• _Assigned task_
Your answer should be the lines from the one with "k / lab NWT" to the end of the data below, both included, exact and free of pictures.

• _Records to process_
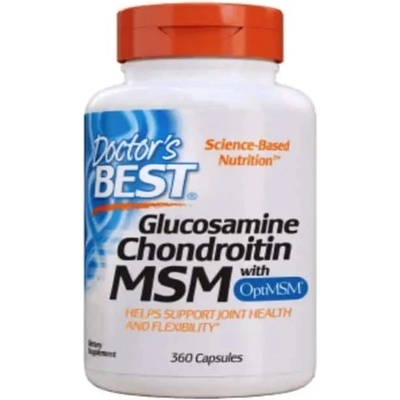 Doctor's Best Glukosamín Chondroitín MSM 360 kapsúl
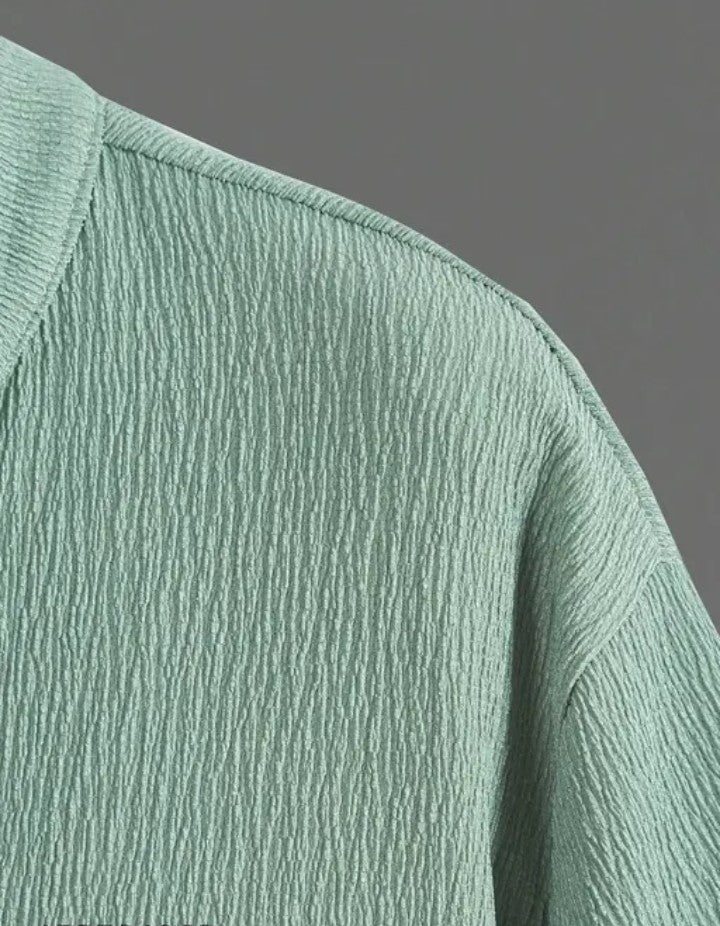 "Men's Premium Cotton-Linen Henley Shirt – Breathable, Stylish & Perfect for Summer Comfort"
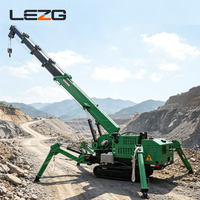 Grue araignée industrielle 6 tonnes 8 tonnes avec supports stabilisateurs pour l'érection d'équipements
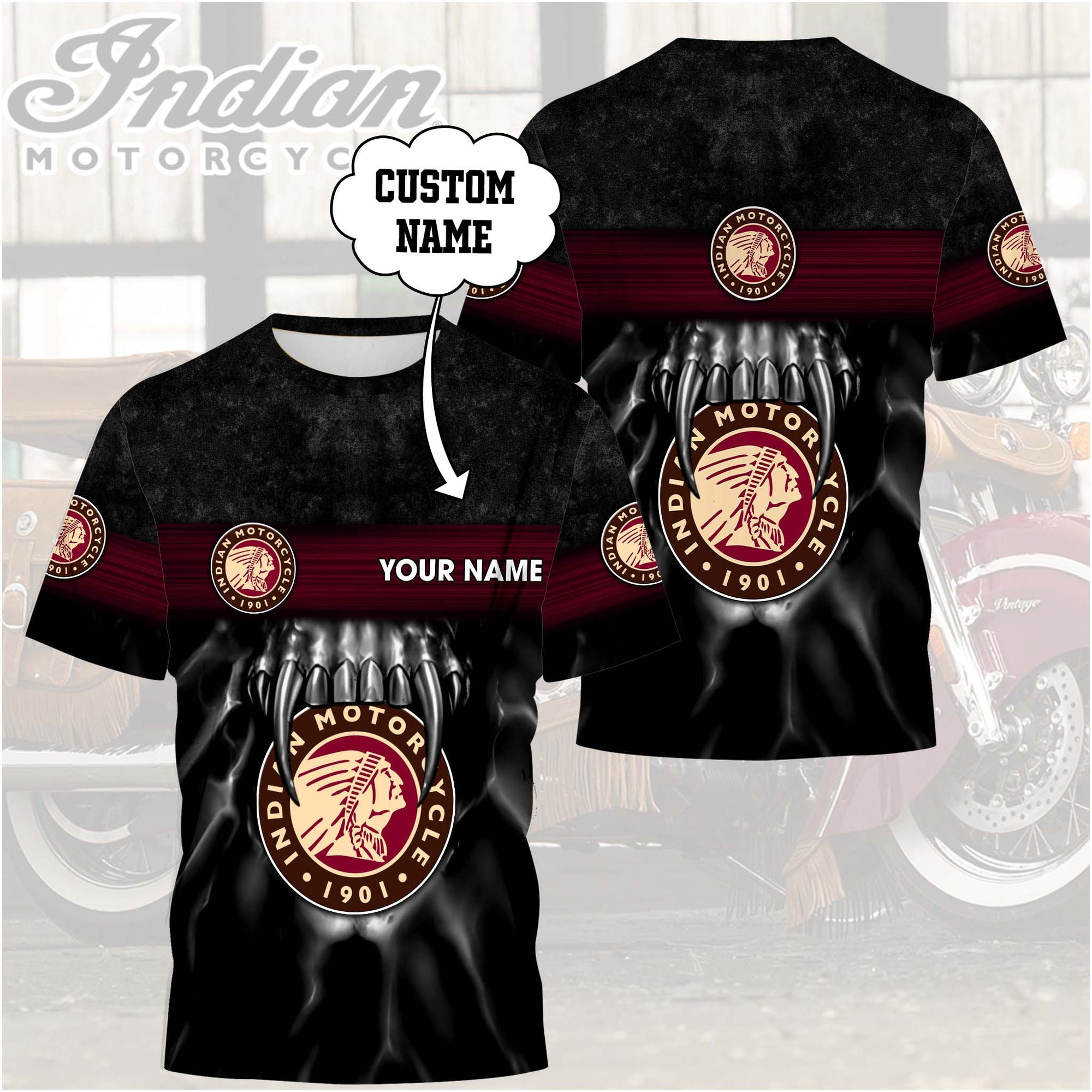 Custom Name IM 3D Apparels THAOVTT653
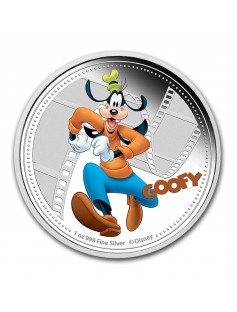 Niue 2014 2$ Disney Mickey & Friends 2014 - Goofy 1 Oz Proof Silver Coin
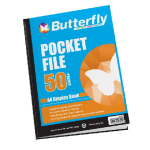 A4 50PAGE Butterfly Pocket File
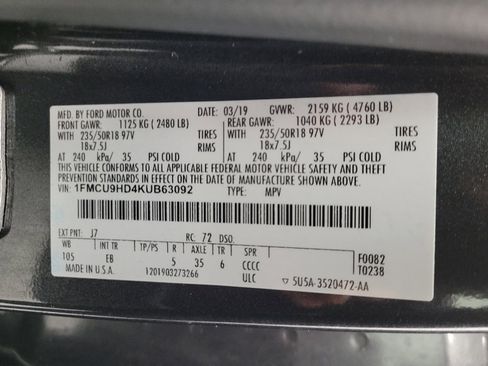 Used 2019 Ford Escape SEL image 33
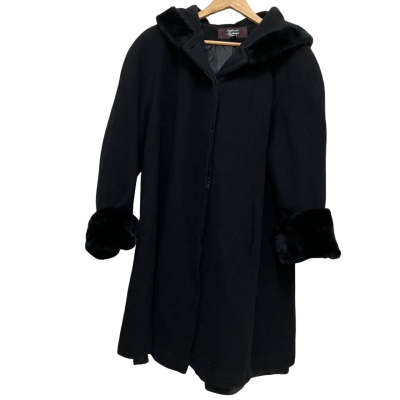 Stephanie Mathew’s Womens  Size M Swing Coat Black  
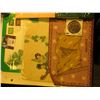 Image 2 : Large Group of Irish related Memorabilia in a glass Ryker case. Includes a 1908 era Pipe with Shamro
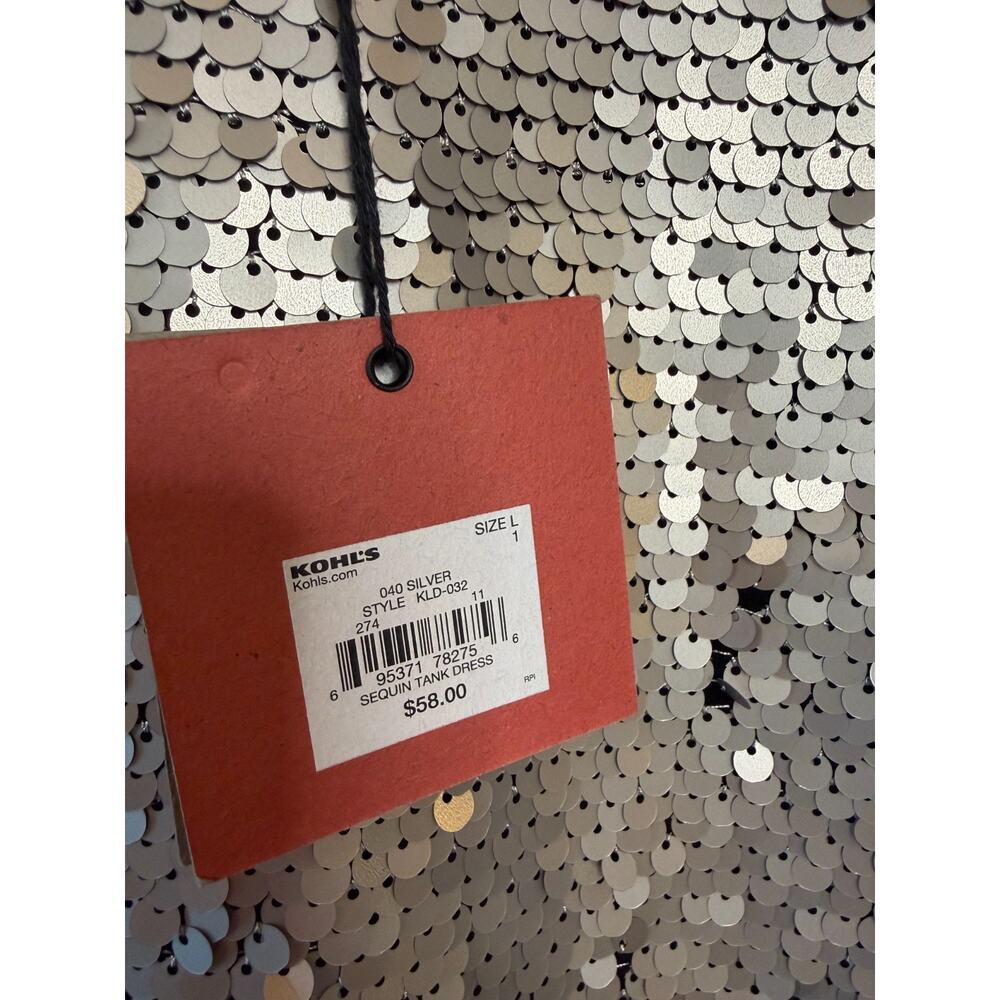 k / lab NWT Sequin Dress Size LG Perf for Holidays New Years Eve FUN - Picture 6 of 8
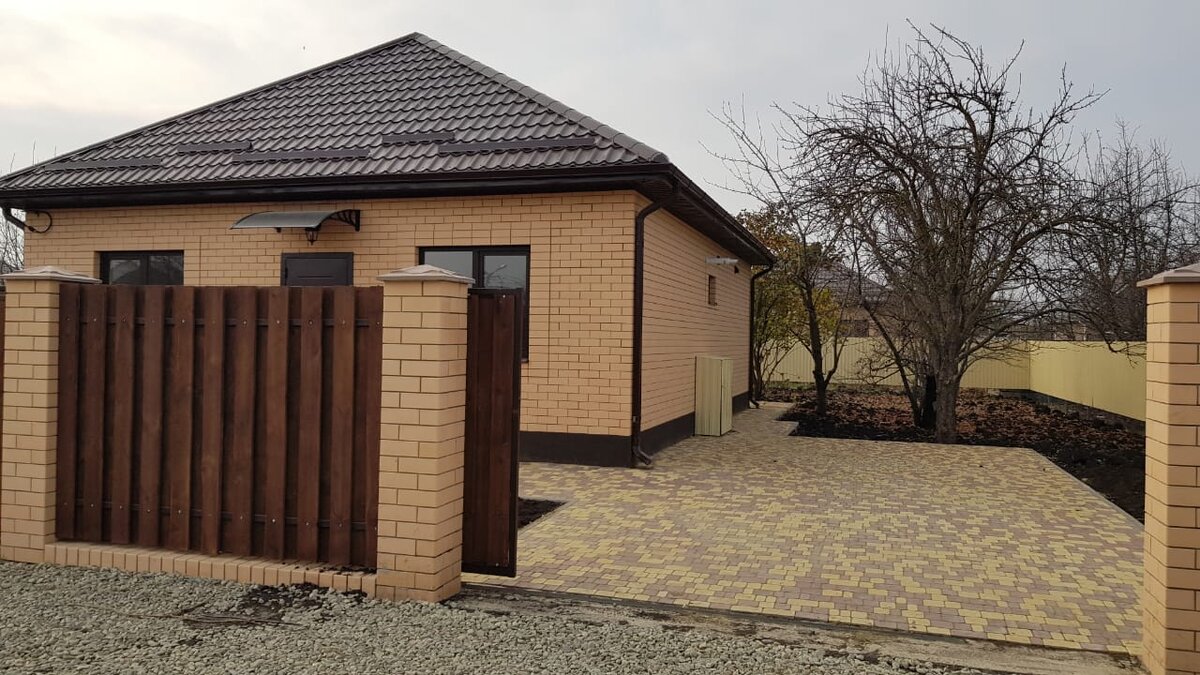 Дом 80 кв.м на 8 сотках в СНТ, пригород Краснодара. 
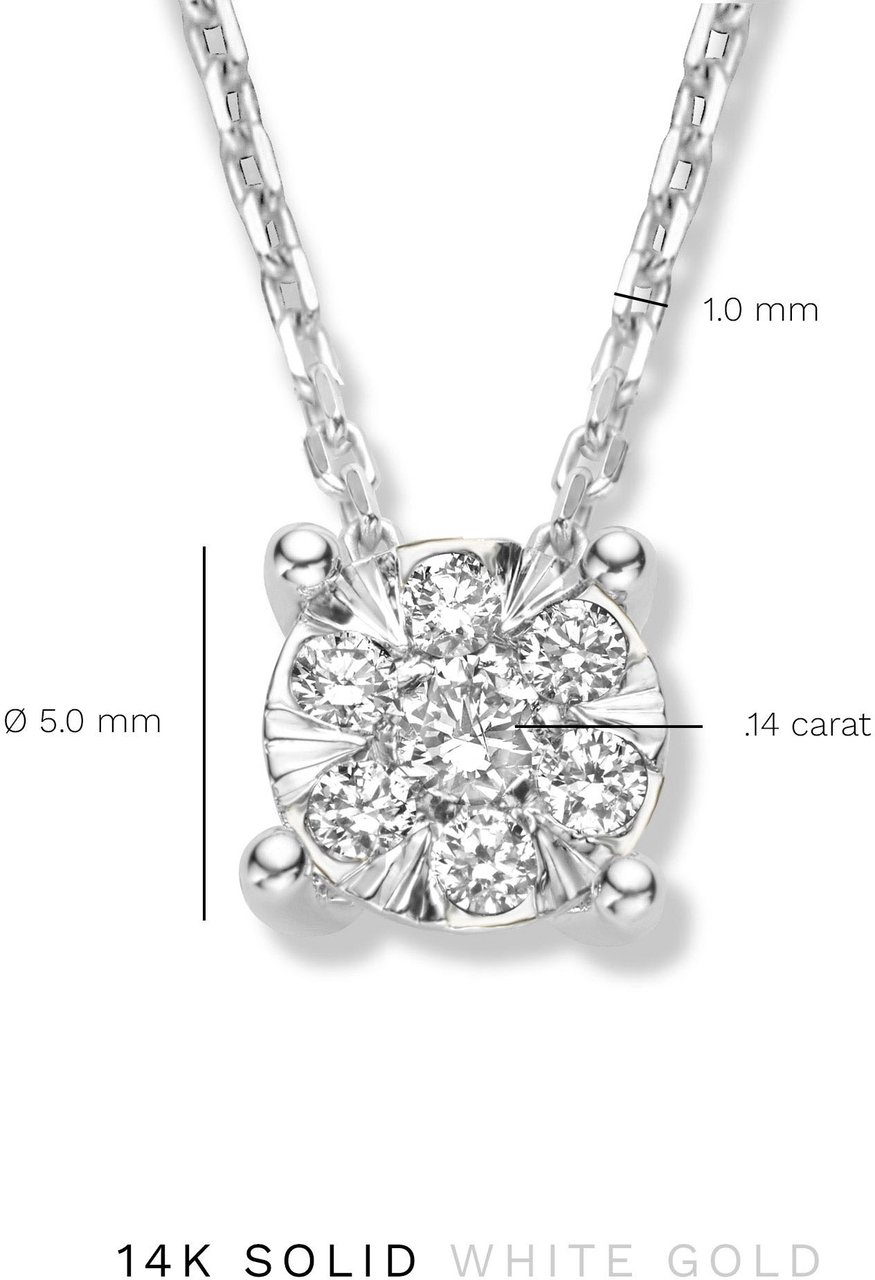 Isabel Bernard De la Paix Hanae - Ketting - Witgoud Zilver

• _Task answer_
 k / lab NWT Sequin Dress Size LG Perf for Holidays New Years Eve FUN - Picture 6 of 8
 Дом 80 кв.м на 8 сотках в СНТ, пригород Краснодара. 
 Isabel Bernard De la Paix Hanae - Ketting - Witgoud Zilver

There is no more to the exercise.